Heroes’ Narrative is a project of the Communications Hub, which supports the communications needs of progressive nonprofits in Washington State and does occasional trainings outside the state.
The group’s Heroes Handbook helps groups gather stories that convey the drama in the work they do and invite others to join the fight. The handbook outlines six key elements in stories of social-justice heroism:
- There must be a hero, a real-life person in the community who has values (like justice or opportunity) and the power to defend those values.
- That hero is on a quest to promote or defend her values, which could be an effort to change policy or behavior.
- The hero faces a threat to her values, be it climate change or financial insecurity for families.
- There must be a villain that embodies that threat, whether it’s big oil companies or even a particularly malevolent CEO. Whereas a hero is always a person, villains can be organizations.
- The villain has a weapon to carry out the threat, and it might take the form of an army of lobbyists or a media empire.
- The hero has tools that help the community. Policy proposals, for example, can be framed as tools to complete the quest and help fulfill the hero’s values of freedom or justice.
The benefit to groups that use this method, says Heroes’ Narrative director Spencer Olson, is that it helps them connect with their supporters in more ways.
“People no longer feel they have to be experts in every detail of the policy,” he says. “Instead, they can communicate with their neighbors about their values. Our success in Washington has been to find and share stories that everybody feels a part of.”
The Communications Hub has worked with groups on such issues as climate change and gun responsibility. This year they helped gather stories, like one from this woman, to get state ballot initiative 594 passed to close loopholes on gun purchasing.
And meanwhile, additional heroism is in evidence at the East Coast superhero headquarters—the New York offices of the Opportunity Agenda. That group uses public-opinion research, communications, media, and the arts to “build the national will to expand opportunity in America.”
Last year the organization introduced Helvetika Bold, a superhero who champions social justice with the power of her words.
Helvetika Bold is the public face of Vision, Values and Voice, a comic-book style communications toolkit for social-justice advocates. Her spirit “resides in anyone who wants progressive change,” says the organization.
The flashy colors and fun look of the toolkit is not just a superficial design feature. The heroes-and-villains theme taps into deeper currents in our consciousness. After all, aren’t many groups truly struggling against towering threats to justice and freedom and health?
Herein lies a tricky matter in advocacy communications.
When telling stories about heroes—which is to say, anybody who fights for justice—you run the risk of focusing too much on the individual.
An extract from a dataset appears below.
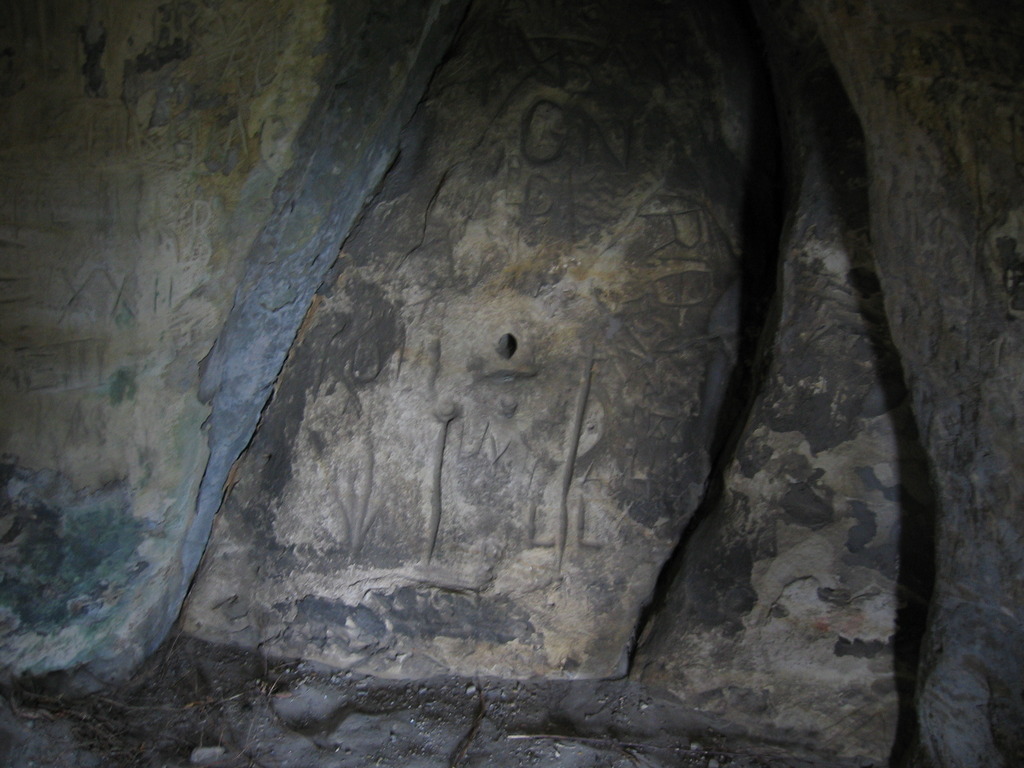 Die Felsenwand im Inneren, auf die dann die Sonne schien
That’s why, says toolkit author Julie Fisher-Rowe, it’s important to tell “systemic stories” that address the larger social problems behind any given individual’s plight.
Tell a story about a worker who loses her job and health insurance coverage for her family and you may get audiences to sympathize with that one person. But if you tell a story about a worker who organizes her fellow employees being stripped of their rights, you get audiences to understand how her personal struggle is tied to big structural challenges.
Systemic stories, when well told, also reveal the villain as part of a larger problem rather than just being a bad apple. But it’s a fine line.
If you successfully tell a “systemic story,” audiences walk away understanding the larger threat, and, with any luck, the feeling that they can be heroes.